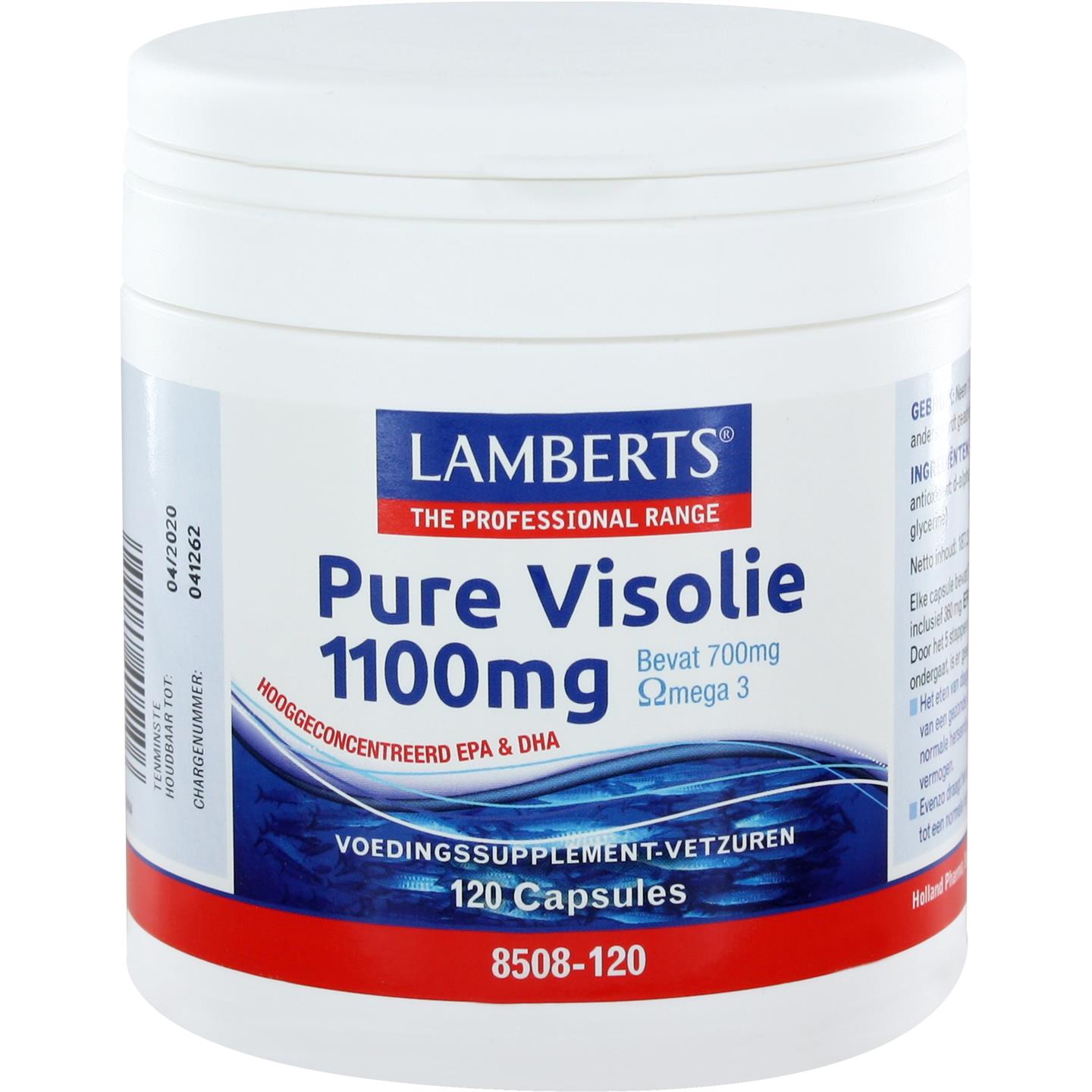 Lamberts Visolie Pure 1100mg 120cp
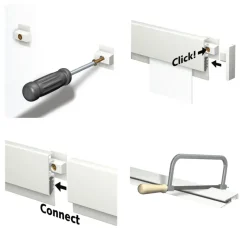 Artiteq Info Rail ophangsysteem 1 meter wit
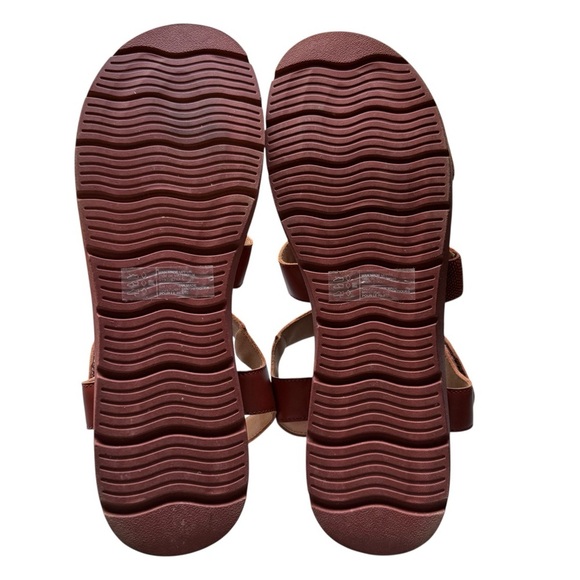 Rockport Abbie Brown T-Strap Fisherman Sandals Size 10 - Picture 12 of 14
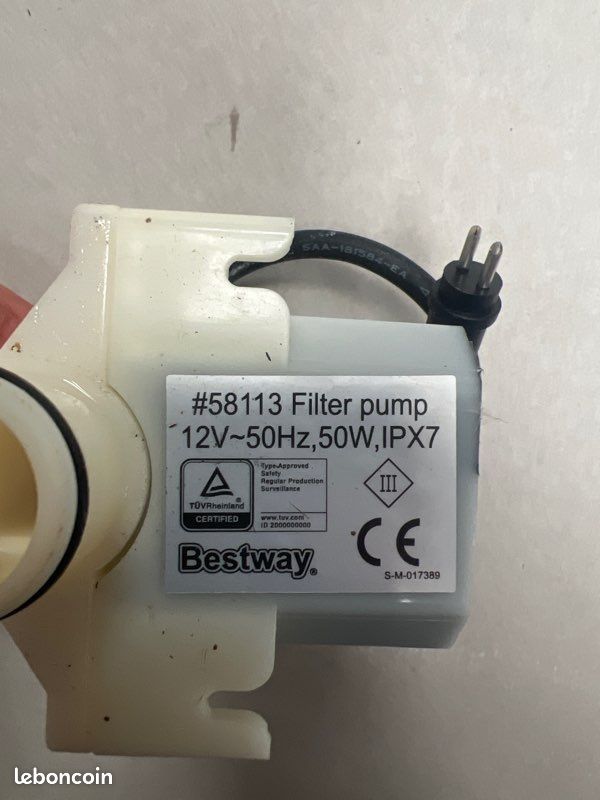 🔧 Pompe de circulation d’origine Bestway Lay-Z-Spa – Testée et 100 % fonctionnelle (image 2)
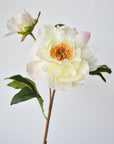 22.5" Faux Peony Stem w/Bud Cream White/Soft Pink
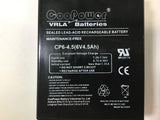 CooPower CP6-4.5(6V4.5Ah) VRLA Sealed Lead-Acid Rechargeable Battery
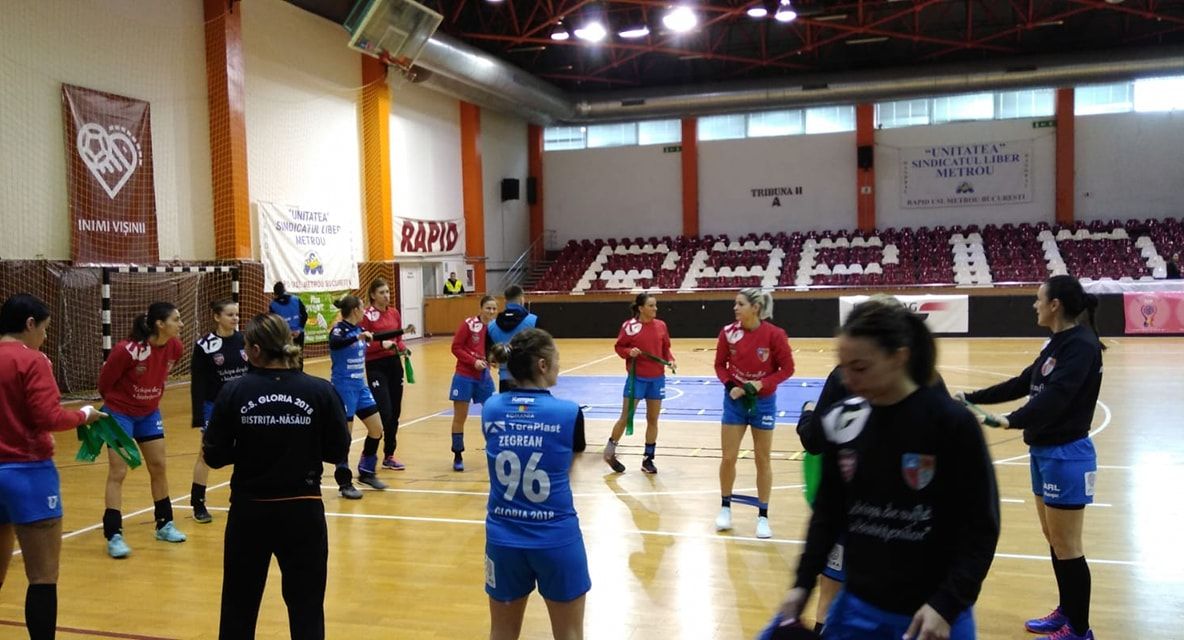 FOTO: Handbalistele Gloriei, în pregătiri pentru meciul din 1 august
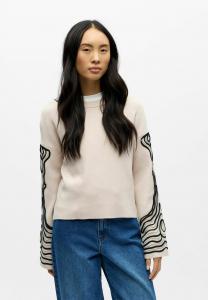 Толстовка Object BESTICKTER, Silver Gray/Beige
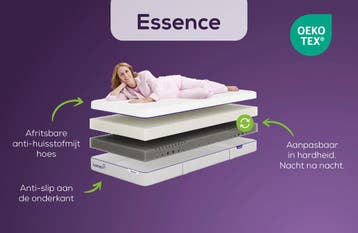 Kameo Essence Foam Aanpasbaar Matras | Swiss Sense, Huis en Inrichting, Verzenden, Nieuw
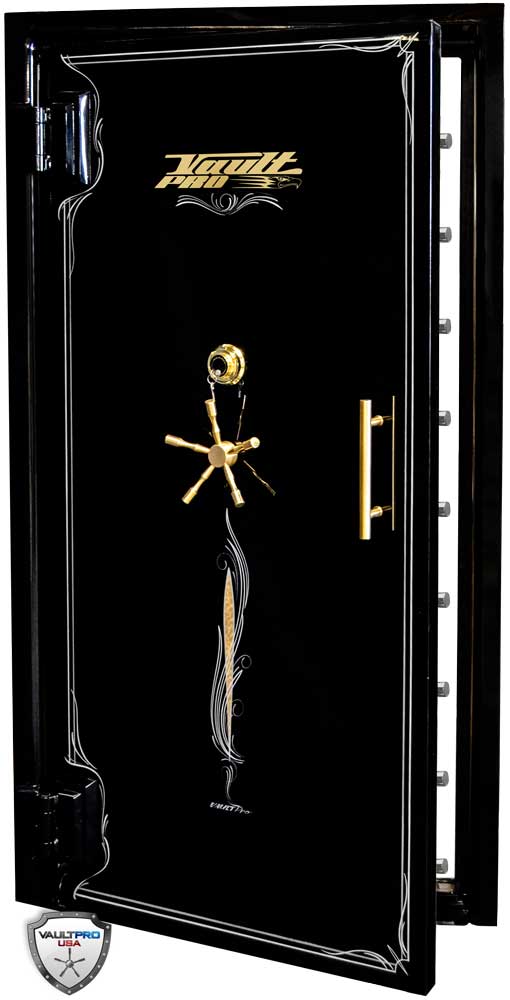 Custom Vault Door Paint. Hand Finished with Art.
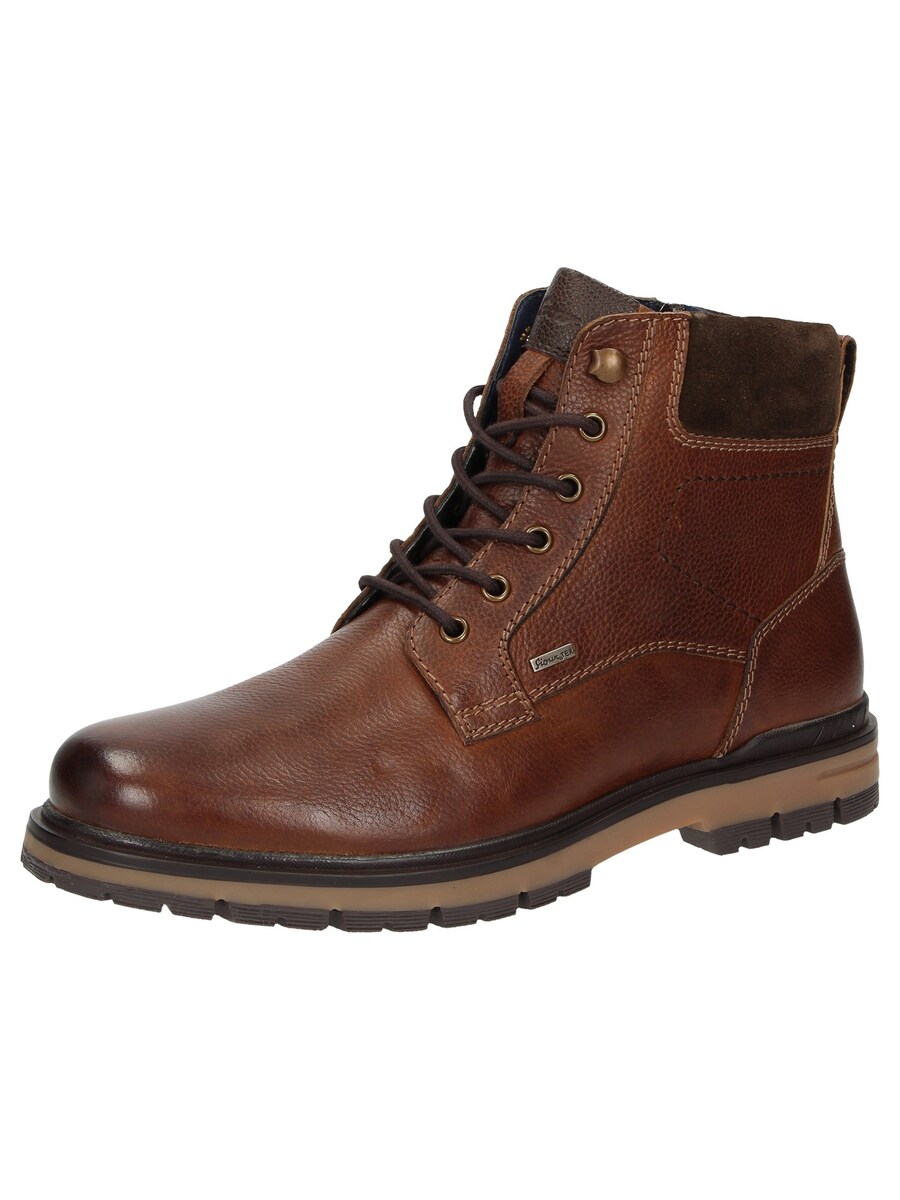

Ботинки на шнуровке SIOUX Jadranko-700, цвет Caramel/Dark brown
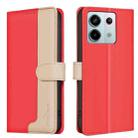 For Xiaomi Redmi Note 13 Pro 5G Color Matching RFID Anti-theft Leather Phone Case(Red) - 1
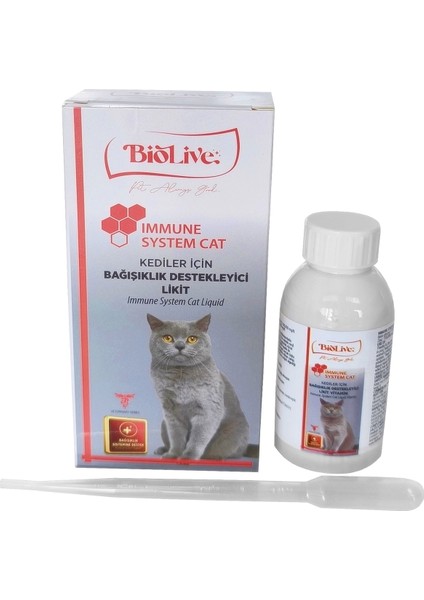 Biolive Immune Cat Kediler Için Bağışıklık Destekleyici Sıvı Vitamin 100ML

□ □ □

Task to carry out: Every line from the one containing "CooPower CP6-4.5(6V4.5Ah) VRLA" through the end of the entries above is to be copied exactly; pictures are to be left out.

Output of the exercise:
 CooPower CP6-4.5(6V4.5Ah) VRLA Sealed Lead-Acid Rechargeable Battery
 FOTO: Handbalistele Gloriei, în pregătiri pentru meciul din 1 august
 Толстовка Object BESTICKTER, Silver Gray/Beige
 Kameo Essence Foam Aanpasbaar Matras | Swiss Sense, Huis en Inrichting, Verzenden, Nieuw
 Custom Vault Door Paint. Hand Finished with Art.

Ботинки на шнуровке SIOUX Jadranko-700, цвет Caramel/Dark brown
 For Xiaomi Redmi Note 13 Pro 5G Color Matching RFID Anti-theft Leather Phone Case(Red) - 1
 Biolive Immune Cat Kediler Için Bağışıklık Destekleyici Sıvı Vitamin 100ML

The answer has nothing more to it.